Saturday, October 10, 2009

A Ramble about the Humility of God

As I have struggled through meditation, I had found it harder and harder to reach the point of awareness of His presence. I fought through, but each time it became harder, and then for several weeks, it seemed completely fruitless. I struggled, I cried out internally, and nothing.

I felt lost and confused. Why had He slipped through my fingers when I reached out to grasp Him? Didn't He want me coming closer to Him? Where was He? I knew He surrounded me, I knew that He was in everything and everywhere and that there was nowhere I could go where He was not. So why did I feel so cut off?

He told me.

I sought control of Him. I sought the awareness of His presence in order to change myself into something "better". I sought union with Him to advance my own twisted reason and to propitiate my fear of being less than by "being better than" spiritually. He refused to be a part of my self-seeking and self-advancement. It was as simple as that.

I have a deep seated fear that everyone else is better than I am in some way, and my psyche seems to react by trying to, consciously or unconsciously, be better than everyone else. I seek to control and manipulate everything around me to achieve the acquisition of my own desires or illusions. Whether it be the desire for a certain object such as a DVD or book, or the illusion of seeing myself as a good or spiritual person. I sought to run from what I am, and to become something I am not. Instead of accepting myself as myself, warts and all, I was rejecting myself in favor of a pleasant delusion. Instead of embracing the cross, I was running from it yelling "I embrace you!"

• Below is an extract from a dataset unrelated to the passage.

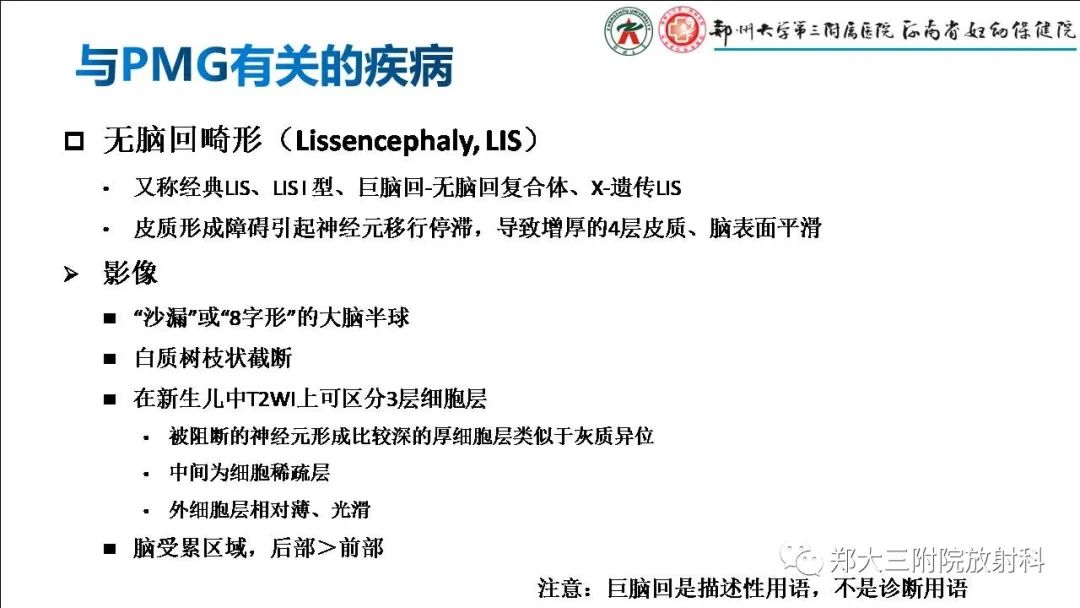 影像PPT - 【PPT】多小脑回畸形的影像表现-28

When I realized this, I sat in silence. And then I became aware of His presence. It was not imposing. He was not overwhelming. He was quiet. He was soft, and gentle. He was concerned, and it felt as when a friend of mine was giving me a hug from behind. As I dwelt on this I became aware of the stark contrast between Him and myself and the disdain which this controlling part of myself felt for His "softness". This part of me was hard, proud, dominating, and the total antithesis of Him. It honestly didn't know what to do with Him. God in this manner did not force Himself on me, but waited for me to sit still. He did not strike me as awe-inspiring, but "lowly".

God felt no need to prove or show His dominance to me. Almighty God was as soft and gentle as, well... a small animal. I don't know why, but that is the term which comes to mind. I wanted the awareness of the presence of God, and instead of awe-inspiring power, I got soft and gentle like someone's toothless old great-grandfather.

As I said above, this hard controlling part of me didn't know what to do with it. It felt, well... pathetic actually, and totally uncontrolling, even though I knew He had full control of everything. And then my thoughts drifted onto His humility. It's not an aspect of God which we often think about or preach on.

He surrounds us constantly, yet most of the time makes no visible effort to remind us of that fact. We often ignore Him far more than anyone else and talk about Him as if He weren't in the room with us. Even we who profess not only belief and faith in Him, but also love, often go whole days not even noticing Him or acting as if He were present. He doesn't respond in anger. He doesn't seek to prove how much better than we are He is. He lets us go, and takes no offense. He who has ultimate control chooses not to wield it in that way. And here I who have no real control over anything am seeking to control Him for my own selfish means.

I suppose that the real first step in a relationship is to really notice the other person, instead of going throughout the day pretending that they don't exist except for your own selfish goals. It's to really see them for who they are, and not for what you can get out of them.

Unlike myself, God is totally devoid of pride and selfish ambition. When I became aware of His presence in this way, I realized how truly ridiculous my own hardness was, and how maligning it was especially to Him.